Many indigenous, but all equally important breakthroughs started coming about, for instance, the opening of the Solar Energy Research Institute in the USA in 1977. Paul Macready in 1981 built the first aircraft driven by solar energy. Almost 1600 cells were laid on its wings and the airliner flew from France to England successfully.
In the following year Australia designed the first solar run cars. 1999 saw the development of the largest (so far) solar power plant yielding more than 20 kilowatts. The same year also saw yet another breakthrough in the form of a solar cell with an almost revolutionary 36% photovoltaic effectiveness.
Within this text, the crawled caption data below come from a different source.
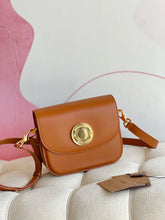 Load image into Gallery viewer, Burberry Elizabeth Medium Bag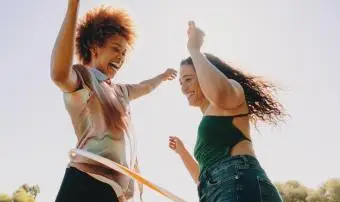 https://cf.ltkcdn.net/www/images/slide/359541-850x567-two-friends-enjoying-moment-fun-hula-2517554549.webp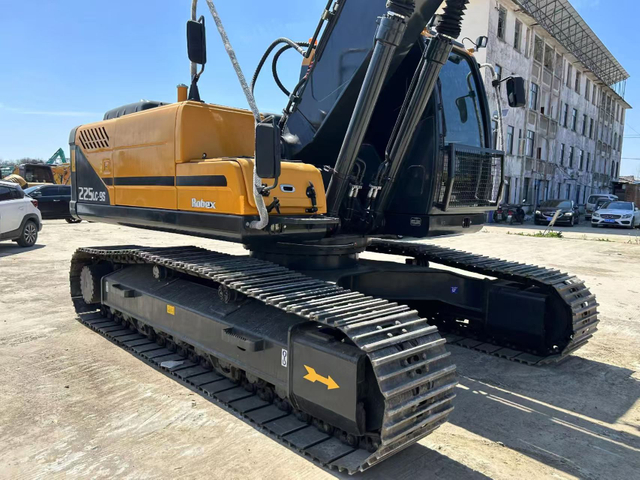 Used Hyundai R225LC-9S Crawler Excavator with Cummins Engine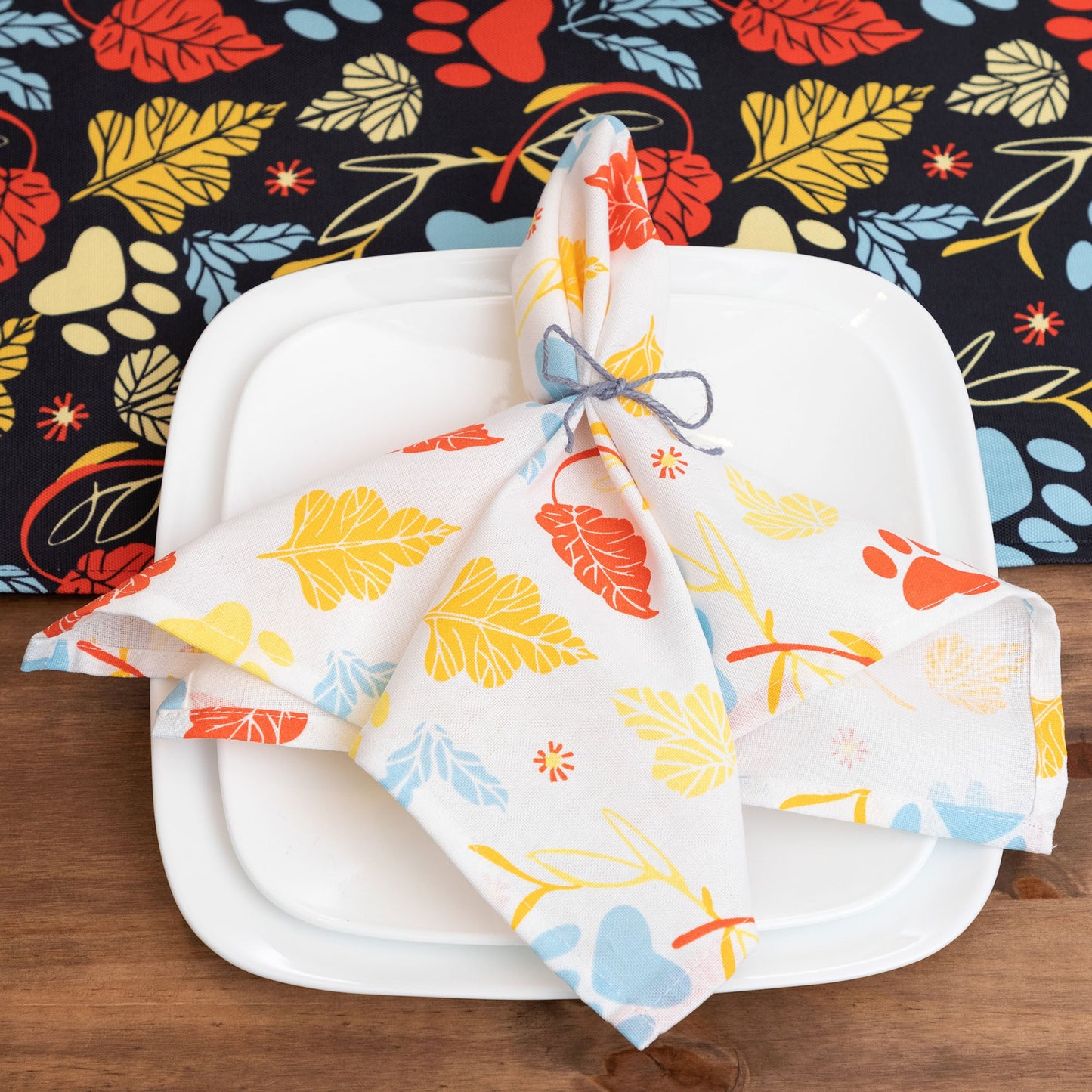 Harvest Paws Table Linens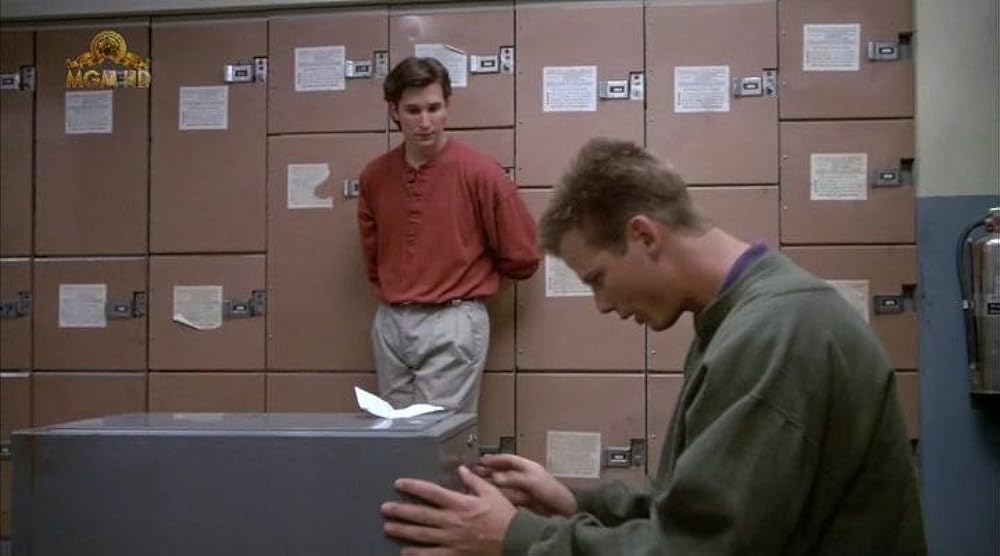 ねじれた家族の画像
With the gradual lowering of the cost of solar cells, they have emerged as the cheapest power source for moderate electrical demands built away from utility lines that are placed underground.
The global financial meltdown of 2008 had negative repercussions on the solar industry when many countries, particularly Spain cheapened grants on continuing production of solar energy. Lack of publicity and marketing also saw the failure of some prominent solar companies.
However, the last few years have witnessed a vast investment in beneficial solar plants. Recently in 2012, the biggest recorded solar energy plant was constructed in China called the Golmud Solar Park and has an invested facility of 200 megawatts. But the Gujarat Solar Park in India is said to have exceeded its Chinese counterpart with an assemblage of solar plants distributed in the Gujarat state, displaying a collective invested capacity of 605 megawatts.
Thus, with solar energy, the world can boast of not only a pollution free eco-system but also a future that is safeguarded against global warming and many other forms of environmental threats.